Àqueles que tem na pele a cor da noite, 2020
Grafite sobre papel.
No centro de um papel, cor branca, retangular de orientação horizontal, dois rostos se encontram em um movimento diagonal, sendo que, acima e à direita, a pessoa está de olhos fechados, tem a pele negra, cabelos representados em um tom de cinza, e, abaixo e à esquerda, há outra pessoa com o rosto de perfil, que se encosta delicadamente na lateral do rosto da primeira, assim como sua mão esquerda repousa sobre o contorno do rosto; sua pele negra é representada em um tom intenso de grafite, no rosto e na mão. Aos poucos, em degradê, revela-se um desenho inacabado, do qual vemos apenas finos contornos, incluindo a forma de sua cabeça e cabelos; o mesmo acontece com a outra figura, em que, a partir de seu pescoço, abruptamente o desenho da roupa se constitui apenas das linhas de contorno.

Sem título, 2019 Lápis grafite sobre papel. 29,7 x 42 cm.
Um detalhe da obra sem título, 2019, em que um pouco acima e à direita, uma pessoa está de olhos fechados, tem a pele negra, cabelos representados em um tom de cinza, e, abaixo e à esquerda, uma pessoa com o rosto de perfil, que se encosta delicadamente na lateral do rosto da outra, assim como sua mão esquerda repousa sobre o contorno do rosto. As peles negras estão representadas em um tom intenso de grafite e tanto na roupa da primeira figura quanto na forma da cabeça e cabelos da segunda revela-se um desenho inacabado, do qual vemos apenas finos contornos sobre a cor branca do suporte. A representação dos volumes revela a textura dos traços e de um texto manuscrito que estava gravado, em relevo, sobre a superfície do papel, na área dos rostos; sob a maçã do rosto da pessoa, à direita, lê-se o início da inscrição que diz: Sinto muito…

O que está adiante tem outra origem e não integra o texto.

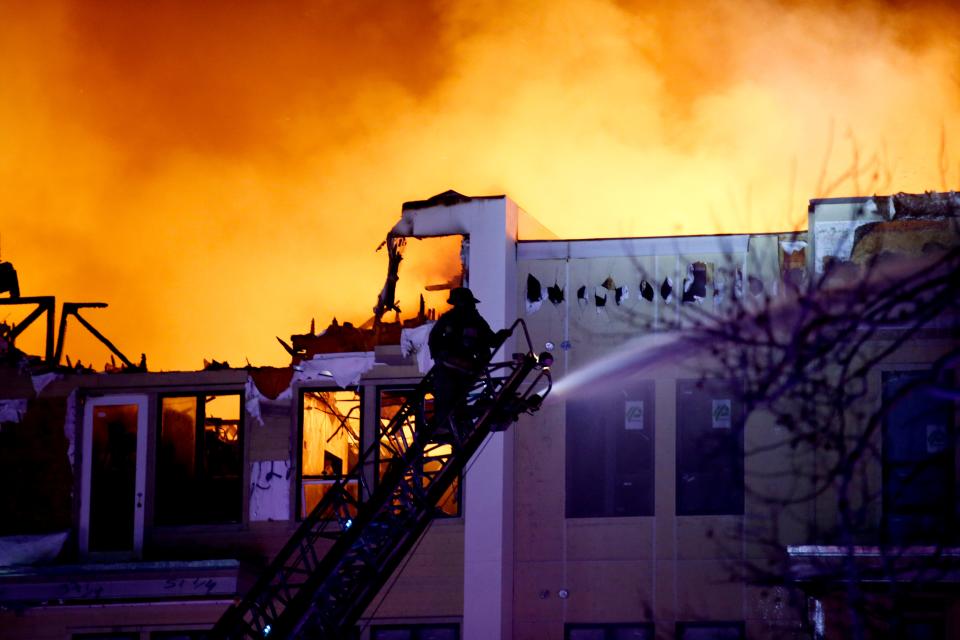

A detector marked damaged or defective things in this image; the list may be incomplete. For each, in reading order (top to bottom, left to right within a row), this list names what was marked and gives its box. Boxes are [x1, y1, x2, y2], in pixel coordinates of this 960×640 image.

broken window [158, 396, 244, 524]
broken window [298, 388, 362, 516]
burnt rafter [213, 320, 552, 640]
broken window [378, 388, 462, 516]
broken window [568, 378, 656, 516]
broken window [676, 380, 744, 516]
broken window [880, 370, 956, 544]
broken window [372, 624, 458, 640]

Sem título, 2019 Lápis grafite sobre papel. 29,7 x 42 cm.
Linhas de grafite preenchem uma grande área de um fundo, cor branca, que se preserva apenas em uma estreita faixa vertical, à esquerda. Há um grande plano que é composto pelas costas de uma pessoa, em que se destacam duas mãos e antebraços de outra pessoa, as cabeças estão juntas também em abraço, não revelando os rostos. A gestualidade dos traços de lápis grafite imprime movimento aos corpos desenhados, a intensidade do tom apresenta peles negras e, em um exercício de claro escuro, revelam a textura de um texto manuscrito que estava gravado, em relevo, sobre a superfície do papel.

Sem título, 2021 Lápis grafite sobre papel. 21 x 29,7 cm
Linhas de carvão preenchem toda a imagem, retangular de orientação vertical, trazendo um movimento diagonal que parte do lado esquerdo inferior. Em um degradê que tende para o escuro, a textura revela o rosto de uma pessoa negra, no alto e à esquerda, que em meio perfil apresenta um dos olhos semicerrado. No primeiro plano, sua mão esquerda segura a cabeça de uma outra pessoa, que está de costas, recostada sobre seu ombro esquerdo. É possível perceber, em vários pontos, um excesso de pigmento depositado sobre o desenho.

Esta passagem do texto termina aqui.